Looking for the bigger picture? Start from a receptor or pathway on the mechanism map →

// Lab methods & analysis

HPLC
High-Performance Liquid Chromatography. Reverse-phase HPLC is the standard method for measuring peptide purity. The result is reported as the percentage area of the main peak versus everything else. The Pepmod purity floor is ≥98%.
LC-MS
Liquid Chromatography-Mass Spectrometry. Confirms the identity of a peptide by measuring its molecular weight. The observed m/z must match the theoretical value within tight tolerance.
MALDI-TOF
Matrix-Assisted Laser Desorption/Ionization-Time of Flight. An alternative mass-spec method commonly used for peptide identification and structural verification.
LAL
Limulus Amebocyte Lysate. The pharmacopeial method for detecting bacterial endotoxins in parenteral products. Reports endotoxin units (EU) per milligram against established safety limits.
USP <71>
The United States Pharmacopeia chapter that defines compendial sterility testing - a 14-day incubation in two growth media to detect any bacterial or fungal contamination.
COA
Certificate of Analysis. The document a third-party lab issues for a specific batch, listing all tests performed, their methods, the specifications, observed results, and pass/fail status. See a sample on the transparency page.
Chromatogram
The visual output of an HPLC run - a plot of detector signal versus time. The peptide of interest appears as a peak; impurities show as smaller peaks separated in time. A real chromatogram on the COA is the only way to actually verify a stated purity number.
m/z
Mass-to-charge ratio. The quantity mass spectrometers actually measure. For a peptide, observed m/z is compared against the theoretical value calculated from the sequence; a close match confirms identity.
RCT
Randomized Controlled Trial. The gold-standard study design in clinical research: participants are randomly assigned to treatment or comparator, ideally blinded to which they receive. Reduces selection bias and confounding.
Meta-analysis
A study that pools the quantitative results of multiple prior trials to estimate a more precise effect size than any single trial could provide. Useful but only as strong as the trials it aggregates and the inclusion criteria used.
Preclinical
Research conducted before any human trials - in cells (in vitro), in animals (in vivo), or in computational models. Preclinical data establishes mechanism and rough safety but does not establish efficacy in humans.

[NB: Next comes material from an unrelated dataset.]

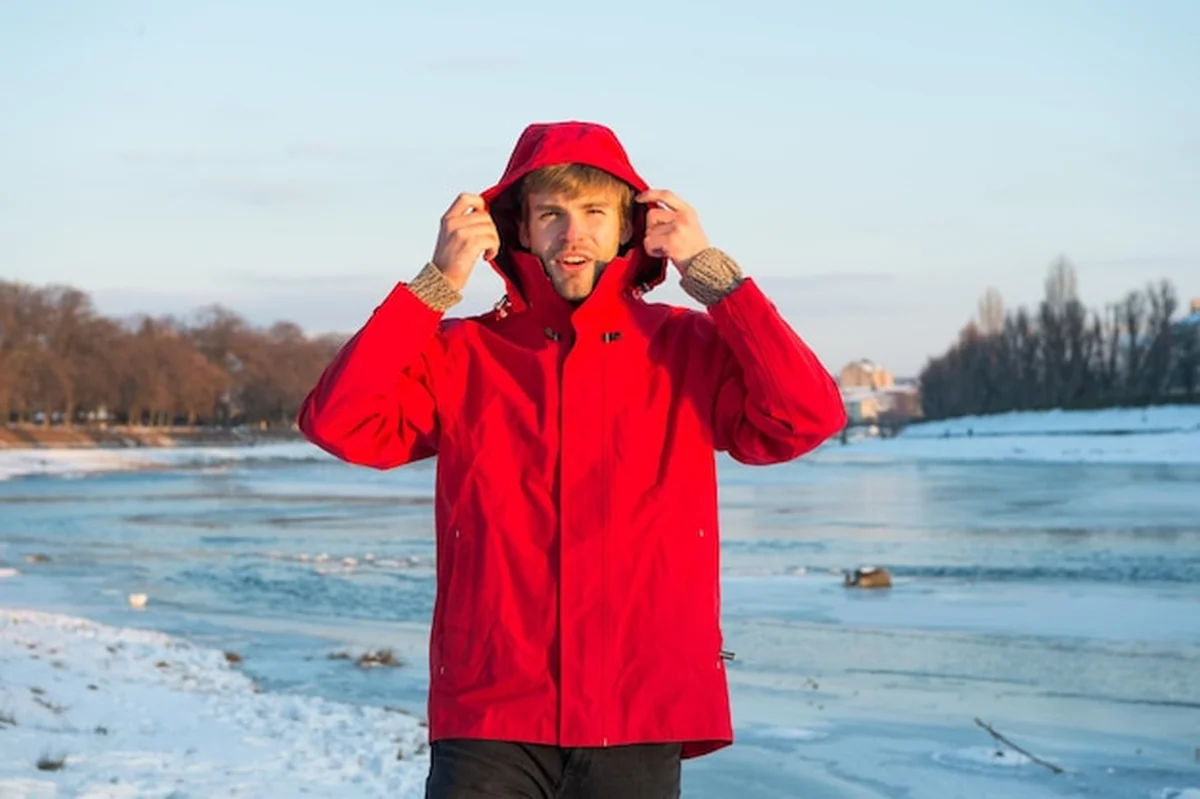 Mężczyzna w ciepłej kurtce na śnieżnym tle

// Chemistry & formulation

Peptide
A short chain of amino acids joined by peptide bonds. Smaller than proteins. Typical research peptides are between 5 and 50 amino acids long.
Amino acid
The building block of peptides and proteins. There are 20 standard amino acids in biology, each with a specific side chain that determines its chemical properties.
Lyophilization
Freeze-drying. The process of removing water from a peptide solution under low temperature and vacuum, leaving a stable powder that can be stored long-term and reconstituted as needed.
Reconstitution
Dissolving a lyophilized peptide back into solution, typically with bacteriostatic water, before use in research.
Bacteriostatic water
Sterile water that contains a small amount of preservative (benzyl alcohol) to inhibit bacterial growth. Commonly used to reconstitute lyophilized peptides in research settings.
Acetate salt
A common counterion form for synthesized peptides. Acetate content is reported on the COA and contributes to overall peptide weight; the net peptide content adjusts for it.
Endotoxin
Cell-wall fragments from Gram-negative bacteria. Even in trace amounts, endotoxins can trigger immune responses, which is why LAL testing is critical for parenteral research products.
cGMP
Current Good Manufacturing Practice. The FDA standard that governs the manufacturing, processing, and quality control of pharmaceutical products. Pepmod sources from cGMP-aligned synthesis facilities.
N-terminus
The end of a peptide chain that carries a free amino (NH2) group. By convention, peptide sequences are written N-terminus first (left to right).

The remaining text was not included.